Abortion Centrism Meets the Birth Dearth

Pro-life centrists see that with the strong Democratic wave in the recent election, there will be no federal ban on abortion. Instead, they are seeking common ground with pro-choice groups to reduce the number of abortions.

The focus of religious groups on both sides is to get more social services to poor pregnant women to help them raise their children. Jacqueline Salmon's Washington Post article notes that poor women are four times more likely to have abortions than middle-class women are. She quotes Alexia Kelly of the Catholic Alliance for the Common Good as concluding that "Clearly, poverty impacts the abortion rate."

I think this gets the causation mostly backwards. Poor women are actually less likely to abort any particular pregnancy than middle-class women are. However, poor women are much more likely to get pregnant than middle-class women are. Pregnancy is part of poor women's lifestyle -- that is a big reason why they stay poor.

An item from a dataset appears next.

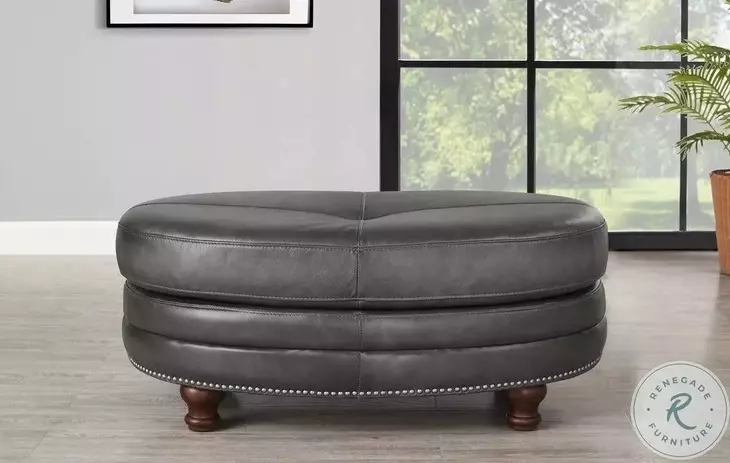Bexley Ash Leather Upholstered Oval Ottoman with Nailhead Trim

Middle-class women are more likely to plan their parenthood -- that is a big reason why they stay middle class. For the past few decades, middle-class women have generally believed that they should have few to no children for their own careers and for the good of the planet. These two facts contribute significantly to the middle-class abortion rate. Yet middle-class women are also the best informed about trends in family life, as they affect their own families and, in a general way, as they affect society.

As middle-class women become more aware that we face a shortage of children in the rich countries, they have started to change their fertility patterns. As middle-class women become educated about the great benefits to their marriages and their family's long-term health, wealth, and happiness of having children, and of how many childless career women regret not having children, they become more comfortable with having another person at the table. Even when that person wasn't exactly planned.

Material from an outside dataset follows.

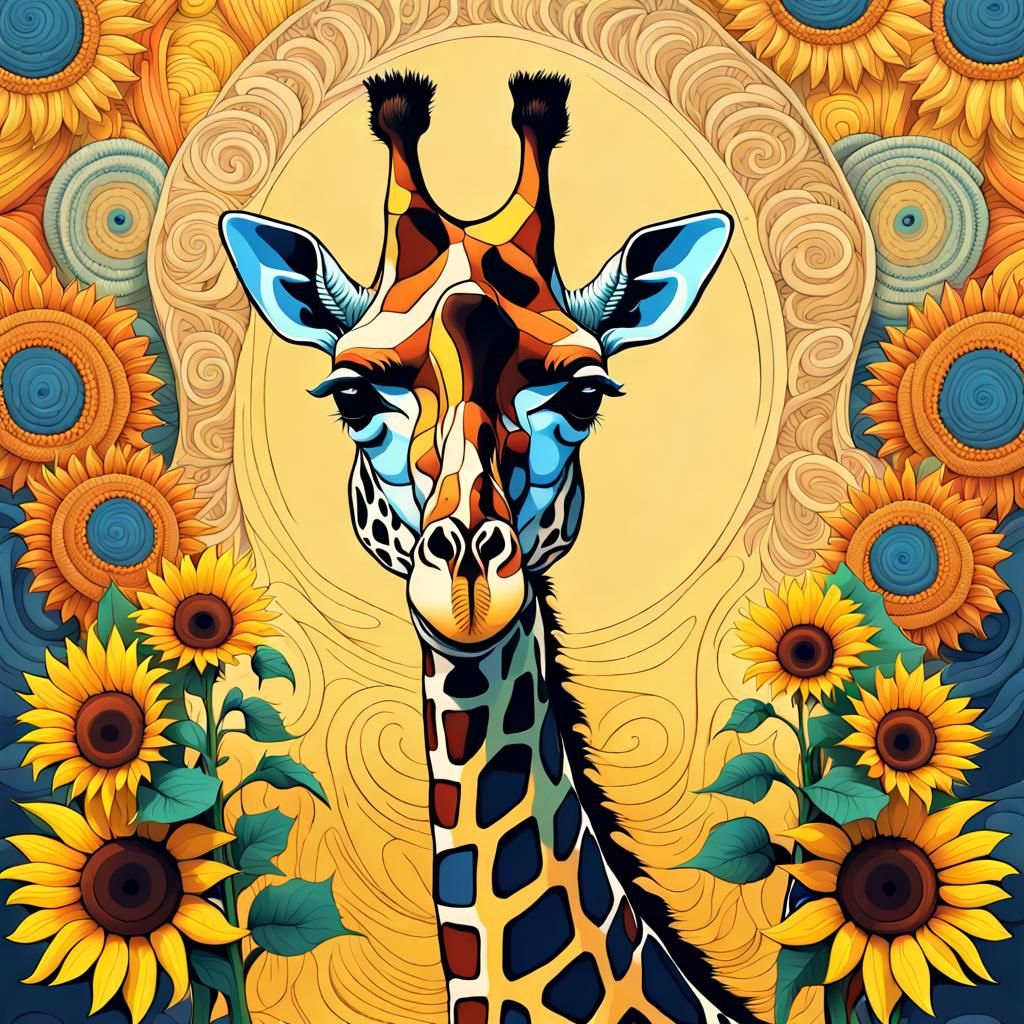 Sunflower Giraffe in Prairie, Neo-Primitivism Style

The fastest approach to reducing the abortion rate is through the best informed, most organized, most churched mothers. A centrist religious coalition to reduce the abortion rate should start in their own backyard with positive arguments about the personal and social benefits of children. That would reduce abortion rates in the middle class. And when the leading classes walk the talk, the other classes are more likely to follow.

2 comments:

Anonymous said...

Out of curiosity, are there any studies showing that middle-class women are having children specifically because there is a baby dearth in this country? Obviously my experience is not statistically applicable, but I have yet to meet anyone having a baby out of a sense of duty.

Gruntled said...

No, I think very few people have a baby from a sense of duty. I have heard of people who wanted more than two but had been told that was socially irresponsible due to the population explosion. When told that, instead, we face a birth dearth, they feel freer to do what they wanted to do. My students, who come from families of two or three kids, wish to have three or four.